Judge slams ‘brazen’ bid to phoenix translation business

The precarious working conditions faced by interpreters are again highlighted in an article published in The Australian Financial Review this week.

“The Supreme Court of Victoria ruled on May 11 that Intellicoms, a company that trades under the name Ezispeak in Australia and New Zealand, had been illegally sold to a family member in 2021 - at well under market value.”

The Court’s ruling comes subsequent to the introduction of new anti-phoenixing laws in 2020. The term ‘phoenixing’ is when a company transfers assets for less than market value or less than the best price reasonably obtainable to avoid the payment of creditors.

CEO of Ezispeak, Rebecca Haynes, sold the business and its assets to a third party, Technologie Fluenti in September 2021, on the same day that the business went into voluntary liquidation. The Court found that this was an attempt to avoid meeting $3.27 million in liabilities – among which may include fees owed to contractor interpreters.

If interpreters had been employees in this circumstance, there are provisions in place to potentially prioritise their entitlements and access to compensation under the Fair Entitlements Guarantee (FEG).

However, because Ezispeak engages interpreters as contractors, they must join the queue with other creditors where they might receive a percentage of what they are owed, provided there are funds available.

At this stage we don’t know if interpreters will receive any monies owed to them.

Despite concerns raised about Ezispeak’s position raised by this union in the latter part of 2021, the business has continued to provide services to both corporate and government clients in Australia and New Zealand.
Read the full story here
(Adobe PDF File)
TIA has perused the Judgement and notes the following:

  • There are a number of companies, including language services companies, that in the lead up to the hearing expressed interest in purchasing the Ezispeak business;
  • Paragraph 115 – In negotiating a debt to a shareholder and creditor, Ms Haynes sought opportunity to improve her company’s financial position by restructuring the labour cost model – by abolishing the minimum 15 minute telephone payment and substituting it with a per – minute payment model;
  • Paragraph 189 (b) –“… historically, the business has delayed payment to creditors, as evidenced by the fact that the business’ creditor balances have been historically higher than the receivable balances.”

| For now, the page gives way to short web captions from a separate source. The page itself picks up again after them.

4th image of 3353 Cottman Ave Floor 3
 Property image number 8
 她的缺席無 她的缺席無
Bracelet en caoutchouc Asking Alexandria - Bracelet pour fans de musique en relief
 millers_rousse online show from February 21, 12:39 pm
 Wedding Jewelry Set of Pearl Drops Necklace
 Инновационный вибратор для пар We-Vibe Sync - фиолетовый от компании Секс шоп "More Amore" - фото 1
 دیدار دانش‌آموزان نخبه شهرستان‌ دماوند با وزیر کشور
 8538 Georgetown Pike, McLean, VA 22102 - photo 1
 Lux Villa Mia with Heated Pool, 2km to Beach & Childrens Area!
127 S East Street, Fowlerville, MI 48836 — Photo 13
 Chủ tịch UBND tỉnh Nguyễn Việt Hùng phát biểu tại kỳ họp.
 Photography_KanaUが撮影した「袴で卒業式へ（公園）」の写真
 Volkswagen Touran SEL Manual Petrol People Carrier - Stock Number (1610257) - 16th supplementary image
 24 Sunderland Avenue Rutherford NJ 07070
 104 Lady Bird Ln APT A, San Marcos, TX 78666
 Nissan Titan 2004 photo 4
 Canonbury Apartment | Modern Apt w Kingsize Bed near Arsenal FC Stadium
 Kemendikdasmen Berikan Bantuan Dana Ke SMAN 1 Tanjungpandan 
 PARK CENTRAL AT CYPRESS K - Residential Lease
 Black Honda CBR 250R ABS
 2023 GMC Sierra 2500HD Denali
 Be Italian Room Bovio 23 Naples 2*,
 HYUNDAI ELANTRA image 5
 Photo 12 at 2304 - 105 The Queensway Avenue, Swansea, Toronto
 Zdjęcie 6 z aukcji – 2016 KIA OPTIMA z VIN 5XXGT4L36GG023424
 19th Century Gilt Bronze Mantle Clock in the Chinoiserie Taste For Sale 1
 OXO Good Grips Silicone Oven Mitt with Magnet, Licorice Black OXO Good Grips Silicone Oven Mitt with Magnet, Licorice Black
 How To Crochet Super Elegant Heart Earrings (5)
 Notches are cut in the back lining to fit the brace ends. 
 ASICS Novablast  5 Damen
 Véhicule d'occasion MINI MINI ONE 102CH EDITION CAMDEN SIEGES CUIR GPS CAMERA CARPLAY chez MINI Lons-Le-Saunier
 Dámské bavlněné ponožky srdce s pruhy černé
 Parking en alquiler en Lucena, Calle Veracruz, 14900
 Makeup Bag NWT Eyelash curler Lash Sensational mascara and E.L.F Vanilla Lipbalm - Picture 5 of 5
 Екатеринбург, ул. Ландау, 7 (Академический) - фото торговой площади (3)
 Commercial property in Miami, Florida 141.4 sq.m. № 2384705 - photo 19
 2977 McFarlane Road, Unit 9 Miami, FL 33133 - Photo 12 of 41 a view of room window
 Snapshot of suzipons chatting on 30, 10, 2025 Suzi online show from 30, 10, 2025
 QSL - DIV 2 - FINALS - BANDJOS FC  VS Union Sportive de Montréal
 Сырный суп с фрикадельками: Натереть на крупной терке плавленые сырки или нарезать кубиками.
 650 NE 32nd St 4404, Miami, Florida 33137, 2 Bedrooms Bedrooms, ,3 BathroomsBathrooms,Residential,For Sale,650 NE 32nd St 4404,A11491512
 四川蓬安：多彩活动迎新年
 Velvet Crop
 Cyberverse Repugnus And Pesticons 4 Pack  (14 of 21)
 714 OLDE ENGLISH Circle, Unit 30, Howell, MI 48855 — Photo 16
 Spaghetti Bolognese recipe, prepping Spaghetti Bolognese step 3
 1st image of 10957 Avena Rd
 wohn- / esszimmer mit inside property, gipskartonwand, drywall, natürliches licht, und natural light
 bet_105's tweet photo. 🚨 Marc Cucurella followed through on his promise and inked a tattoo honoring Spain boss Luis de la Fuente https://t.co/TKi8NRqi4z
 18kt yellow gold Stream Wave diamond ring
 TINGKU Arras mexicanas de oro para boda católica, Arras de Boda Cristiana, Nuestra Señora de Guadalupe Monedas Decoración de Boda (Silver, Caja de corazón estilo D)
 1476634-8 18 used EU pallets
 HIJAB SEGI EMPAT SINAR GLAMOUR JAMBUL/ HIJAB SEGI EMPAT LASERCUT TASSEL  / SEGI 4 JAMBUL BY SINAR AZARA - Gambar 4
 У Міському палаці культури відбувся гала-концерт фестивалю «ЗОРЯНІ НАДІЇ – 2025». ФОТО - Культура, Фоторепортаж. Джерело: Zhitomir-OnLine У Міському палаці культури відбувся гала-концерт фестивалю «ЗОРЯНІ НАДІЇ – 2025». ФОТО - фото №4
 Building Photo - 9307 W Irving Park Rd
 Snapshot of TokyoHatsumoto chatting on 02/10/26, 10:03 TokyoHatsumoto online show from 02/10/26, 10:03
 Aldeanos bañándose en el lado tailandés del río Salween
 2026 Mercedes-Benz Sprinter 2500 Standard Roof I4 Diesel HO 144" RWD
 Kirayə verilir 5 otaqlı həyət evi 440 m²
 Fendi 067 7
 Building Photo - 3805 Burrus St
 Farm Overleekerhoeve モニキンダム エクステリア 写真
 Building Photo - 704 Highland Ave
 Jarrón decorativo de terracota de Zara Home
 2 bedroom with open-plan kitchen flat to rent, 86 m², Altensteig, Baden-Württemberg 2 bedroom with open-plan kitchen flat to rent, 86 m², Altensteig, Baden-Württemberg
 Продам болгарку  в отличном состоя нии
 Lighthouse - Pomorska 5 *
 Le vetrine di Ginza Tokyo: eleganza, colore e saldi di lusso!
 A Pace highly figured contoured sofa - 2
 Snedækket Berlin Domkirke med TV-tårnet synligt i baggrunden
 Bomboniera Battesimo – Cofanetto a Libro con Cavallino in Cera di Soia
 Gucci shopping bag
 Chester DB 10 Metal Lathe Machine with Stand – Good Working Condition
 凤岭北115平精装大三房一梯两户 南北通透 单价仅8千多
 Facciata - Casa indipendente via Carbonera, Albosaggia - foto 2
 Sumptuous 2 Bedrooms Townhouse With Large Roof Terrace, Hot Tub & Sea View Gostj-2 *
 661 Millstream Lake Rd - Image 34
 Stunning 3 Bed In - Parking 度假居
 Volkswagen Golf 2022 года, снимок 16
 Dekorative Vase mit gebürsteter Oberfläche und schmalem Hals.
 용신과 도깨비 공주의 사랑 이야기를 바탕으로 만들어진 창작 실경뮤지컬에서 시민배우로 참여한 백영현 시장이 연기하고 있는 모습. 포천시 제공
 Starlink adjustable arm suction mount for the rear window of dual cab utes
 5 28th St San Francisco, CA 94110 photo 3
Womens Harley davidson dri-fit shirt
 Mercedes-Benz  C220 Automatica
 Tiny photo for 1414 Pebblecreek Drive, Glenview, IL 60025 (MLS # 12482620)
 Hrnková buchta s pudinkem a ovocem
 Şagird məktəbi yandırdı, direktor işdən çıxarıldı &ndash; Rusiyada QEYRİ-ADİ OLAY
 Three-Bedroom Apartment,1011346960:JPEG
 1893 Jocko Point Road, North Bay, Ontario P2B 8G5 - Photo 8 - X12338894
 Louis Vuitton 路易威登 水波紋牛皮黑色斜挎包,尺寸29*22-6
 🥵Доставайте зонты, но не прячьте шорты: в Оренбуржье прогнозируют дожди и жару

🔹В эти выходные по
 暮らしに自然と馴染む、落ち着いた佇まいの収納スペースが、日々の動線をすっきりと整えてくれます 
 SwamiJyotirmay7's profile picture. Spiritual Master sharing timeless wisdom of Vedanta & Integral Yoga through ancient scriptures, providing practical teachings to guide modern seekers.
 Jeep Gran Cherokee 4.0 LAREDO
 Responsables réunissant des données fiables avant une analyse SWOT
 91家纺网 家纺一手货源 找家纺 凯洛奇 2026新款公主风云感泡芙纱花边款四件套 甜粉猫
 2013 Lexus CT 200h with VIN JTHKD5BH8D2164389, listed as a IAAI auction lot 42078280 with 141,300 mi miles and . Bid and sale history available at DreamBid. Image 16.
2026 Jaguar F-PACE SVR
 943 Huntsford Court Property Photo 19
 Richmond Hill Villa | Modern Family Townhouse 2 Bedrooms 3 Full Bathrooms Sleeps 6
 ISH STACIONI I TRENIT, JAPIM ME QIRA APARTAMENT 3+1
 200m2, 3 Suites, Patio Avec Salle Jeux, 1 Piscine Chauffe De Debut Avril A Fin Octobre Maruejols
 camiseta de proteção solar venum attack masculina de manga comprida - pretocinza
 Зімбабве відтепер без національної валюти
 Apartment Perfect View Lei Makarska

    Our members included – at times waiting month, if not years, to be paid! 
  • Paragraph 206(b) –“… a new compensation model forcontractors had been introduced which had, in the most recent financialreports, increased the business’ gross profit margins from 28.19% to approximately 45% in the period from 1 July 2021 to 8 September 2021.

This coincides with the reduction in your rates at July 2021.

For full context read the Judgement here.

If Rebecca Haynes appeals the Court’s ruling, Ezispeak will be able to continue to trade until the appeal is heard. Given the Judge’s scathing comments – there’s no reassurance that Ezispeak will treat interpreters any better under Technologie Fluenti.